Egypt's election committee announces the result of the presidential election at the State Information Service headquarters in Cairo, Egypt, June 24, 2012. (AP)
In this image taken from Egypt State TV, Supporters of Muslim Brotherhood President Mohammed Morsi react to the announcement of his victory in Tahrir Square in Cairo, Egypt, June 24, 2012. (Reuters)
Supporters of Muslim Brotherhood's presidential candidate Mohamed Morsi celebrate his victory at Tahrir Square in Cairo, June 24, 2012. (Reuters)
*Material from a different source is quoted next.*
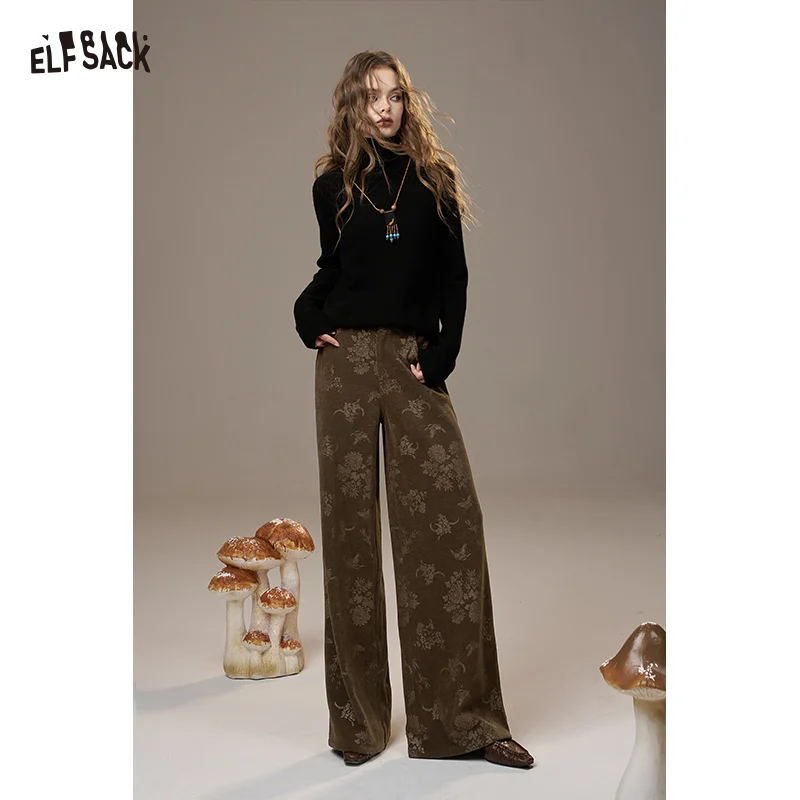 

ELFSACK 2025 Winter New Arrivals Casual Floral Pattern Embroidery Loose Fit Wide Leg Pants For Woman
Supporters of the Muslim Brotherhood's presidential candidate Mohamed Morsi carry a poster for him as they celebrate his victory in the presidential elections in Cairo, June 24, 2012. (Reuters)
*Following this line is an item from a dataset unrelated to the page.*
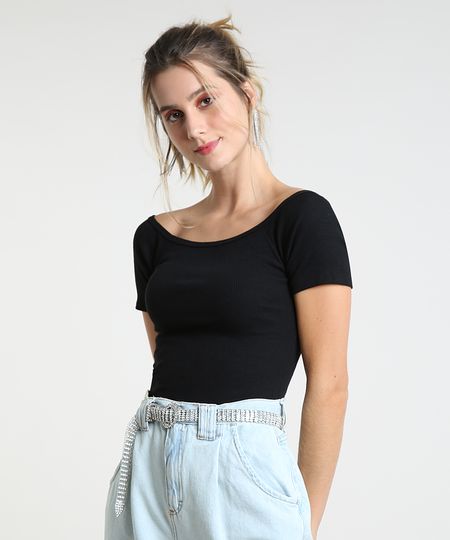 Blusa-Feminina-Basica-Ombro-a-Ombro-Canelada-Manga-Curta--Preta-9267958-Preto_1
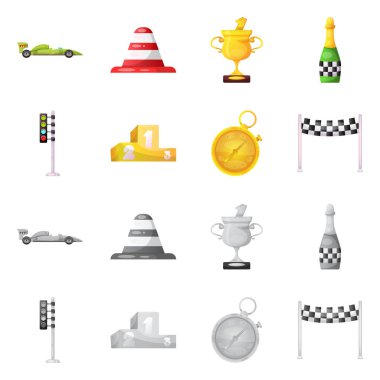 Araba ve ralli logosu yalıtılmış nesne. Araba ve yarış hisse senedi vektör çizim topluluğu.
Supporters of Muslim Brotherhood's presidential candidate Mohamed Morsi celebrate his victory at the election at Tahrir Square in Cairo, June 24, 2012. (Reuters)
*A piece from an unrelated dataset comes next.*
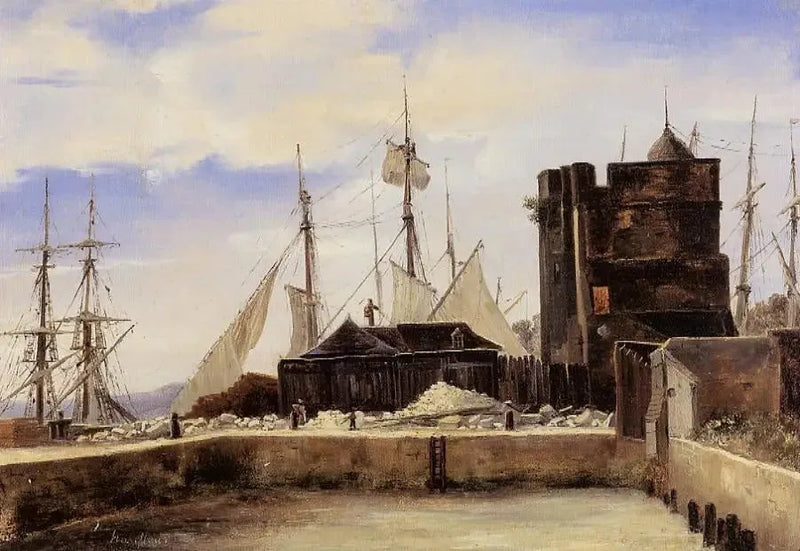Honfleur, den gamla kajen - Jean-Baptiste Camille Corot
A rally on behalf of the Muslim Brotherhood's Mohamed Morsi on Tahrir Square, Cairo, Egypt, June 24, 2012. (VOA/Elizabeth Arrott)
Supporters of ex-prime minister Ahmed Shafiq outside campaign headquarters in Dokki, Cairo, June 24, 2012. (VOA/ E. Arrott)
Fireworks explode as supporters of Muslim Brotherhood's presidential candidate Mohamed Morsi celebrate his victory in the election at Tahrir Square in Cairo, June 24, 2012. (Reuters)
Palestinians wave green Islamic flags that represent Hamas and the Egyptian national flag as they celebrate the victory of Mohammed Morsi in the Egyptian presidential elections, in Gaza City, June 24, 2012. (AP)
Hamas militants celebrate in the streets in Gaza City after Islamist Mohamed Morsi of the Muslim Brotherhood was declared Egypt's first democratic president, June 24, 2012. (Reuters)
The declaration that the Islamist leader captured 51.7 percent of the vote launched Egypt on a path unthinkable to Morsi's predecessor. Once a political prisoner under ousted President Hosni Mubarak, the 60-year-old Morsi has become the man to replace him.
But it is a far weaker position than the one for which the president-elect ran. Egypt's ruling military council has taken for itself key executive powers as well as legislative control after dissolving the Muslim Brotherhood-led parliament.
The announcement of the election winner ended a tense week in which results were delayed as the commission went over complaints of vote fraud from both sides. Morsi and his campaign rival, Ahmed Shafiq, claimed victory earlier in the week, and many saw the wait as a period of brinksmanship between the Brotherhood and the ruling military council over the post-election balance of power in Egypt.
The Supreme Council of the Armed Forces, which has headed Egypt since Mubarak's downfall in an uprising last year, promised to hand over power to a civilian leadership by the end of this month. Its actions during the past 10 days have cast deep doubt on that pledge.
“I think the military council is testing the determination of the people, and they are trying to find a way back to power,” said former presidential candidate and now Morsi supporter, Abdullah al Ashaal.
Morsi's supporters have vowed to stay in Tahrir Square until the military gives back its newly gained powers. The president-elect has formed a national unity front with secularists, liberals and some activists at the forefront of the revolution last year as a challenge to the possibility of continued military dominance.
Morsi also has resigned his positions in the Muslim Brotherhood as a nod to his promise of an inclusive government.
Earlier in the week, Morsi's rival in the run-off vote, former Prime Minister Ahmed Shafiq, promised to accept the results. But concerns remain about how his supporters will react. Many expressed fear of growing Islamism in what has been one of the Arab world's more tolerant nations.
Unrest in general has been a major worry since last year's uprising. Morsi campaign spokesman Gehad el Haddad pledged that the Islamist leader will address the problem head on.
“We can achieve the stability for the country and we can make the security, and also we can satisfy people’s demand from a new perspective, not from the old regime by oppression,” el Haddad said.
But analysts say the history of Egyptian politics promises a power struggle between Morsi and the military in the months ahead.